Point: The point of your video came across clearly as it is about lack of diversity on campus, and how you fit in/are trying to.
Dramatic Question: I don’t think you have a dramatic question but your story takes a dramatic turn when you start describing welcome week.
Emotion: I was really happy for you in the beginning and then you started explaining about the lack of diversity. When you said “white cloud” it really stood out and really made me feel how you are feeling.
Voice: I think you could speak up a little bit in the video. It was kind of muffled in parts. Also you repeat yourself and stutter in some places and I would recommend redoing that. I don’t know if you have physically written out/typed a script, but that can help.

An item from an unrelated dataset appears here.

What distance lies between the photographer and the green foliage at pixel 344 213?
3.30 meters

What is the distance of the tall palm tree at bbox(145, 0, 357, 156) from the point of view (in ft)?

Soundtrack: I liked the music you had playing. It had good rhythm to it and kept me interested. I think it fit well with your topic.
Economy: I think that you could stand to use a few more pictures. The ones you have are great and I really liked the ones you put in about the clubs/communities you joined! I think a few more for other parts like welcome week could be added.
Pacing: Truthfully I think you have it paced out good. It is how you want it. I wouldn’t mess with how you do it because you have pauses in the right places and there doesn’t seem to be any awkwardness besides the parts where you stutter and repeat.
Additional Comments: Overall I liked your video! I think your topic is so cool and interesting because it is something that I don’t really think about and don’t have the perspective on things you do. Keep it up! It’s good!